宮廷鍛冶師、贋作しか作れないと追放されたが実は本物の聖剣や魔剣を鍛錬できていた~俺の代わりが見つからずに困り果てているらしいが、もう遅い。エルフの皇女に溺愛された鍛錬ライフが最高に楽しいので~
輸出した武具の品質が悪いため、外交問題で揉める ※ざまぁ回
輸出した武具の品質が悪いため、外交問題で揉める ※ざまぁ回
鍛冶師フェイを追い出した王国シルビア。その王室では国王エドモンドが呑気にくつろいでいた。
「ぐっふっふ。万事抜かりないわ。こうして若くて安い鍛冶師を雇い、5年で入れ替えていけば無限にこの国は儲かるわいっ! ぐふふっ! 儲かって笑いが止まらぬわっ! うまいものを食えて、買いたいものを買える! しかもわしは特に何もせずに遊びたい放題じゃ! これも安い給料で必死に働く馬鹿な奴隷がいるから成り立つんじゃ!」
国王エドモンドは呑気だった。そんな時の事だった。コンコンというノックの音がする。
「ん? 誰じゃ! 入れ」
入ってきたのは大臣だった。
「どうしたのじゃ? 大臣よ」
「国王陛下。武具を輸出したハルギニアという国が以前ありましたのを覚えていますか?」
「うむ。ハルギニアか? それがどうした?」
「なんでもお話があるそうでして。ここにお招きしてもよろしいでしょうか?」
「うむ。構わないが」
呑気だった国王の態度が一変する。
■■■
「私はハルギニアの外交をしております、外交大臣です」
「はあ。ハルギニアの外交大臣様、一体いかがされましたか?」
目の前には堅物な真面目そうな男が座る。
「色々と言いたい事がありますが、なんですか。貴国から輸入した武具、明らかに品質が悪くなっているではないですか!?」
「な、なんですと、それは本当ですか!?」
「ええ。剣はボロボロですし。鎧も耐久力が明らかに下がっております。鍛冶師の腕が明らかに下がっております」
「そ、そうですか。それは気付きませんでしたな」
「国王陛下はご自身の国で輸出されている武具を見た事もないのではないですか? 品質管理に上のものが立ち会っていない。だからあんな劣悪な武具を輸出できるのです」
「は、はあ……それは申し訳ありませんでした」
だが、以前はこんなクレームは一回もこなかったのだ。それなのになぜ、こんな急にという疑問はあった。

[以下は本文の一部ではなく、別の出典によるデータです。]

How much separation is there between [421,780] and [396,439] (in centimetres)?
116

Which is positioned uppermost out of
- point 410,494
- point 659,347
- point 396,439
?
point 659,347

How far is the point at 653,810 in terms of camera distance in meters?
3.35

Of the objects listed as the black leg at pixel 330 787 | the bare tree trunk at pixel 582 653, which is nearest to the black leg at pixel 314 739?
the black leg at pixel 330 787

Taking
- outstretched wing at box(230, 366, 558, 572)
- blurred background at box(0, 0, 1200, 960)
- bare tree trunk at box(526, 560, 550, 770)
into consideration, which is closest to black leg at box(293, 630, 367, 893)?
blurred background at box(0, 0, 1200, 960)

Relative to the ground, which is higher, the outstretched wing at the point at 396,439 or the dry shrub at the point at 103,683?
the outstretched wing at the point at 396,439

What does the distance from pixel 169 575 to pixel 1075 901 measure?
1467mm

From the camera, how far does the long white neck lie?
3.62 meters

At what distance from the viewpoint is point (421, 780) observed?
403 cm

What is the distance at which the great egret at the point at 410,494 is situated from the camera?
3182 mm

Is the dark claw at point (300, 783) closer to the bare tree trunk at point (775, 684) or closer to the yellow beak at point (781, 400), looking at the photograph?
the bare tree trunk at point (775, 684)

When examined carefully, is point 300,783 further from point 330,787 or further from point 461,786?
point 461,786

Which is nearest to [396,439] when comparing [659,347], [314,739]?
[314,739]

「申訳ないではありません。明らかに輸入に必要とした金額に見合っておりませんよ。こちらは、こちらとしましては輸入額の値引きをお願いしたいです」
「値引きですか!? それは困ります!?」
「国王陛下は要求を飲まない場合は外交の取りやめも考えているそうです」
ハルギニアは資源国でもある。王国シルビアはハルギニアから多くの資源を輸入しているのだ。ここで外交を取りやめられると資源を輸入できなくなる。他の国から割高で輸入をせざるを得なくなる。
「くっ。仕方がありませんな。値引きに応じましょう。そちらの提示した金額で構いません」
「全くです。あんな粗悪品を輸出してくるなど、こちらとしては無料でもいいくらいですよ」
(くっ。こいつめ。値引きに応じてやったのに感謝するどころかしたり顔で)
国王は怒り狂いそうになったが、その表情を何とか取り繕う。
「それでは私は用件が済みましたので失礼します。今後は粗悪品など輸出しないように。そうでなければ貴国との外交関係も考えさせていただかなければなりませぬ」
そう言ってハルギニア国の外交大臣はその場を去って行った。
「く、くそおおおおおおおおおおおお! なんじゃあの男! したり顔で要求ばかりしてきおって! くそっ! くそっ! くそっ!」
出て行った事を確認し、国王は怒りを発散する。
「しかし、なぜじゃ。なぜこうなるのじゃ。なぜ急に武具の品質が悪くなった」
王国シルビアにとって武具の輸出は重要な収益源である。その品質が劣化したとなると大きな問題でもあった。
「まずはその原因を調べざるを得まい。話はそこからじゃ」
国王はその理由を調査する事とした。